Saturday, 31 December 2016

The State of Bastionland

Bastionland isn't really a state. It's a way of thinking that generally shares a few ideas:

  1. Bastion is important enough that even those outside it must surely accept that they live in Bastionland.
  2. Anyone that doesn't think Bastion is important clearly isn't intelligent enough to form their own state, so they're included too.
  3. The theory is that all Far Lands have a Bastion of their own, so of course they're included, even if they're Enemies of Bastionland. 

Nobody owns the Bastionland idea, the Mouse Queen is just one person that supposedly threw the word around, and I don't think she's even real.

Don't even start a discussion about flags and constitutions.



But this is a double-meaning post. So I also wanted to give an update on the state of the Into the Odd Toolkit that shares the codename of Bastionland.

It's a worldbook where all fluff is tied to a part of the actual game. Baked-in setting description taken to the next level.

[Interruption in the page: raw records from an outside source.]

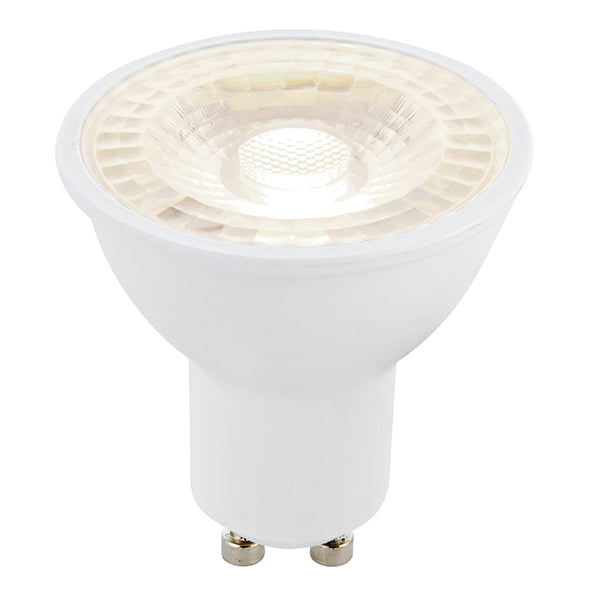 GU10 LED 6W Dimmable SMD Warm White / Cool White / Daylight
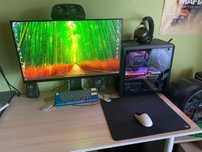 Продавам Монитор ALIENWARE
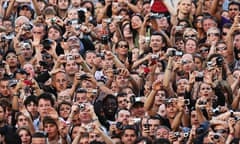 Cannes: Indiana Jones And The Kingdom Of The Crystal Skull - Premiere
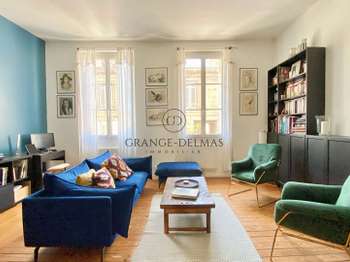 Vente Appartement 4 piècesBordeaux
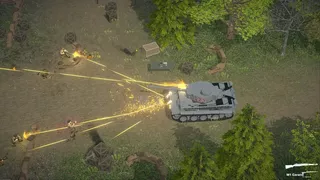 Endless War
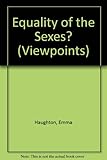 Equality of the sexes?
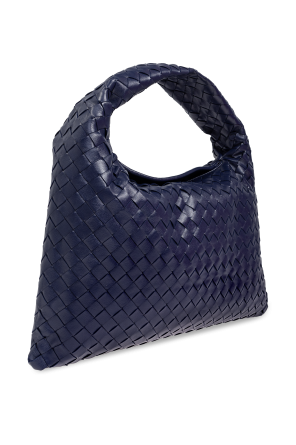 Bottega Veneta Shoulder Bag `Hop Small`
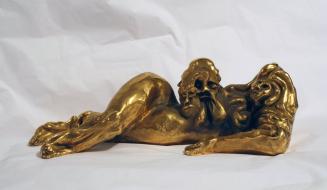 Reclining Curvaceous VII (67)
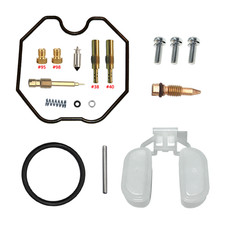 HONDA XL XLR 125 XLR125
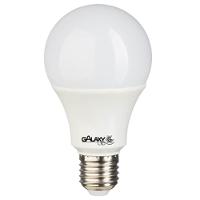 Lâmpada De Led Bulbo 15 Watts 6500k Bivolt E27 A65 - 1012r - Galaxy Led Lampada Led Bulbo 15w 6500k Biv E27 A65 - 1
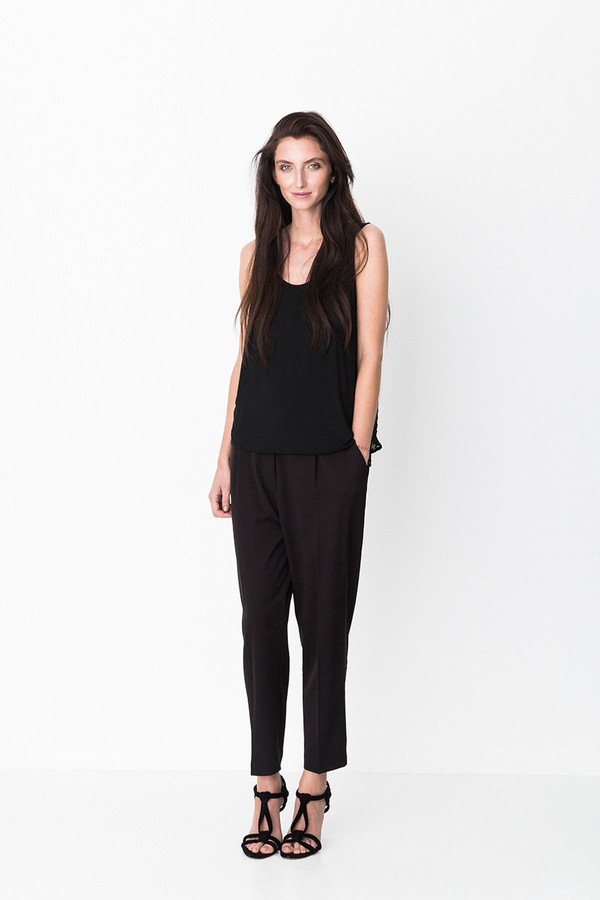 Storm & Marie Haya Classic Trouser Storm & Marie Haya Classic Trouser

Tentatively, the table of contents will look like this.

Creating your Character
Playing the Game
100 Character Backgrounds
For Referees
Planning the Places
Planning the Danger
Planning the People
Running the Game
Running Bastion
Running the Underground
Running Deep Country
Running the Far Lands

Each of those sections (excluding the character backgrounds) will fit on a 2 page spread, so you open the book to that part and have everything you need.

The Running the Game sections are intended to work like a sort of GM Screen for that specific place, giving you everything you need on hand to make that part of the world feel right. And as Into the Odd isn't big on reference charts and formulas, that content is going to be distilled Referee direction on running that place in the most evocative and effective way.

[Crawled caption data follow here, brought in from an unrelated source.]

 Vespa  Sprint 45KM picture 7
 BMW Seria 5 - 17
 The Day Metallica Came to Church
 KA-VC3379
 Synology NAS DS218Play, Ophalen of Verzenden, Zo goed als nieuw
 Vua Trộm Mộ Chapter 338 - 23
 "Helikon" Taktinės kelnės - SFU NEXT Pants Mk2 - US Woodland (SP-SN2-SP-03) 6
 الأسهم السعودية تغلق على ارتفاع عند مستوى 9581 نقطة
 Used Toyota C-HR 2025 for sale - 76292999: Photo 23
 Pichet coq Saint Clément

Playing the Game is almost entirely unchanged from the core game, besides cleaning things up and maybe one rule change regarding how Rests work. This isn't a new edition of the rules.

Meanwhile, the new character Backgrounds replace Starter Packages, but function very similarly.

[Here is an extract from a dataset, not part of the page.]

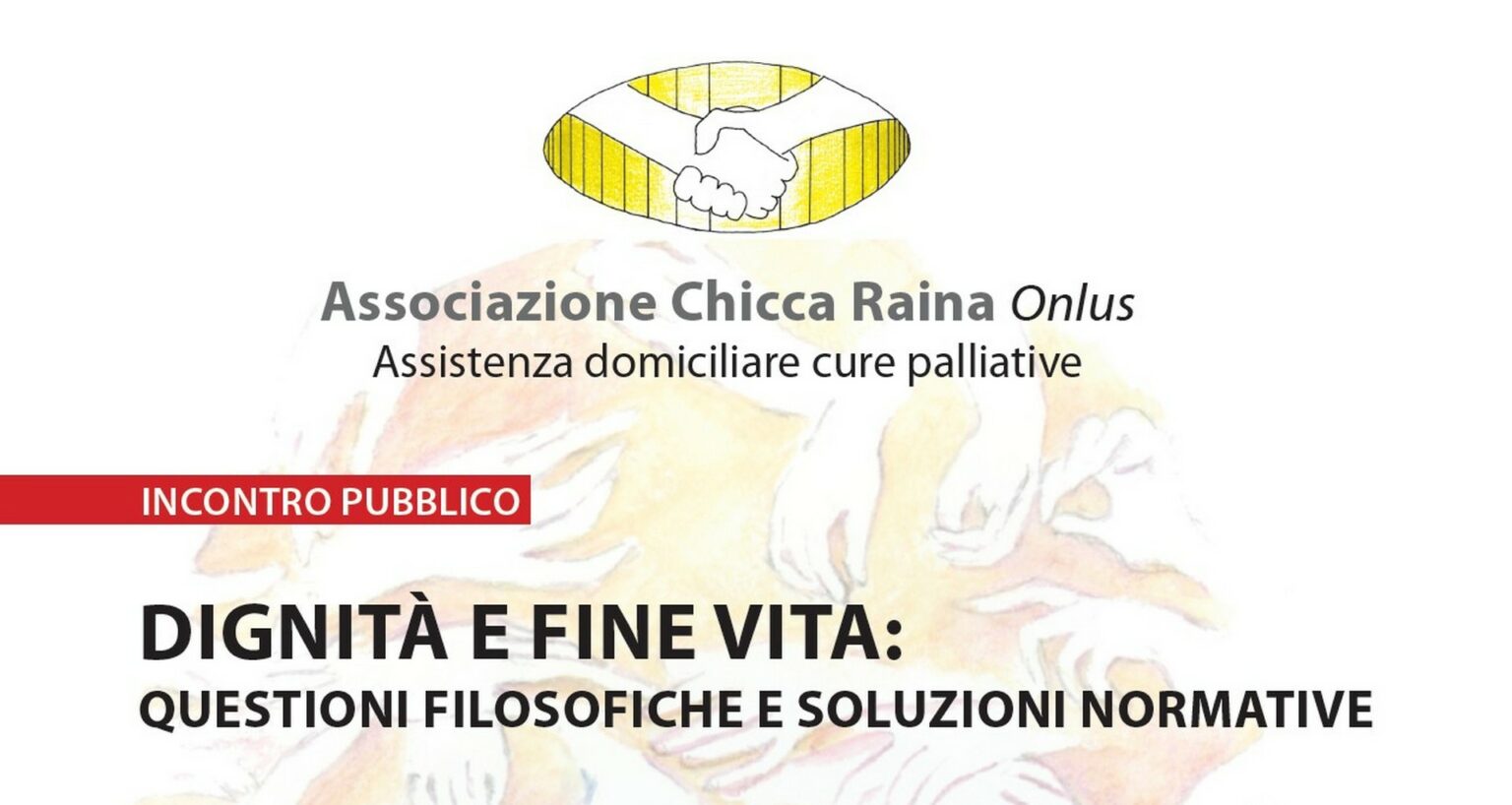 Dignità e fine vita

You compare your Highest and Lowest Ability Scores on a chart to find your starter Package number between 1 and 100. You go to that page to get something like this.


Or maybe this.


More meat than the old starter packages, but still fits nicely onto an index card when you pull out your results.

Not pictured is a small section at the bottom of each Background that also gives you a Contact in the world and a couple of other pieces of information that may or may not make the final cut of the book.

These character backgrounds are the window into the world. There are no timelines or maps of Bastion. They're for players, but the Referee can flick open to any one of them and pull out chunks of the world. If 100 Backgrounds seems excessive, that's the reason.

Dare to dream of Bastionland in 2017.